Figure 1: Simplified Map/Reduce Model

1.2 Functional Roots

As mentioned before, the map and reduce function concept comes from the core set of functions for functional languages. Many other language constructs can built upon these. For example, in Erlang, the statement:

lists:map(fun (X) -> X * 2 end, [1,2,3,4,5]).

Will return the list [2,4,6,8,10]. As you can see, the function returns the value of the input returned by two, and this is applied to each element of the list. The reduce function, also commonly known as fold, takes a function, a list, and an initial value as argument to generate some final result.

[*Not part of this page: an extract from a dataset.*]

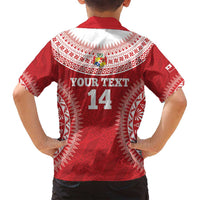 Custom Tonga Mate Maa Family Matching Tank Maxi Dress and Hawaiian Shirt Go Champions Tongan Ngatu - Red LT14 - Polynesian Pride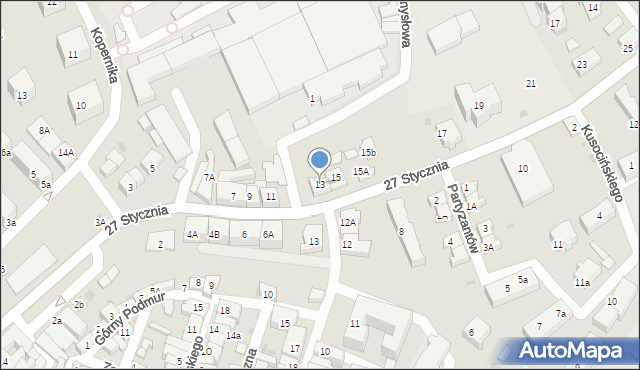 Gniew, 27 Stycznia, 13, mapa Gniew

For example, to sum a list of numbers, you can use:

lists:foldr(fun (X, Sum) -> X + Sum end, 0, [1,2,3,4,5]).

This initializes Sum to 0, runs the given function on each element of the list (using the return value for the new Sum value), and when finished returns the value 15. The idea of this project is to now take these basic building blocks and produce a system where the lists are very large, persistent, and spread over a number of nodes. The functions can then be run individually on the partitions on each node in parallel, eventually returning results to the calling process.

An important concept used here is the ability to pass entire functions as arguments, and not just references. Languages like C can only pass around function pointers, where functional languages pass the entire function within the variable. This idea is not unique to functional languages, but it is a necessary feature and is often referred to as a functional language concept. This is especially important when dealing with distributed nodes since the function may actually be passed over a network and remotely executed. Using this ability of functional languages makes development fast, since you can create them on the fly rather than having to push a code module to all nodes before being able to execute it.

1.3 Why Erlang

Erlang was natural choice to use for implementing this project for a number of reasons. Beyond being functional, Erlang was written to provide a robust, distributed runtime environment. Processes within Erlang can communicate with each other using a simple asynchronous message passing interface. The message passing is not restricted to processes within a single node either, they may be in another node, possibly on a separate physical machine. This provides an easy to use framework for building distributed applications.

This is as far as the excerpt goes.